488- Fıkıh kitablarımızdan Kuhüstanî'de şöyle deniliyor: "Eğer ölü, namaz için fidye verilmesini vasiyet etmemiş ise, velisinin bağış yapması caizdir. Bunun müstahsen bir iş olduğu görüşünde ayrılık yoktur. Bunun sevabı ölüye ulaşır."
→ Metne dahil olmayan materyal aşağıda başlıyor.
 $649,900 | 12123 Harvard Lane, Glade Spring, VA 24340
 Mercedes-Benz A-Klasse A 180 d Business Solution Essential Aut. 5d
Doğrusu, hiç bir zaman namaz fidyesi ile namaz borçlarımızın ödenmiş olacağını ileri süremeyiz. Fakat acizane verilecek sadakalardan dolayı da, Allah'ın ihsanına ulaşmaktan ümidimizi kesmeyiz. Hiç bir hayır ve iyilik Allah yanında boşa gitmez. Verilen sadakalardan ve yapılan vakıflardan dolayı müminin amel defterine daima sevab yazılır durur.

489-
SORU : Bir ölü vasiyet etmediği takdirde, onun varisleri, geriye bırakmış olduğu maldan fidye vermek zorunda mıdır
CEVAP : Hayır
SORU :  Varisler fakir bulunurlarsa,bu fakir varisleri bir gelenek ve iyilik düşüncesi ile  fidye vermeye yöneltmek uygun mudur
CEVAP :  Hayır
SORU :  Varisler arasında çocuklar ve yetimler bulunursa, bunların hisselerinden fidye verilmesi caiz midir
CEVAP : Asla caiz olmaz.
SORU : Bir de kendileri ile devir yapılacak fakirler arasında çocuk, bunak, deli, zengin ve gayri müslim olabilir mi
CEVAP : Hayır  Bu hususlara dikkat etmelidir.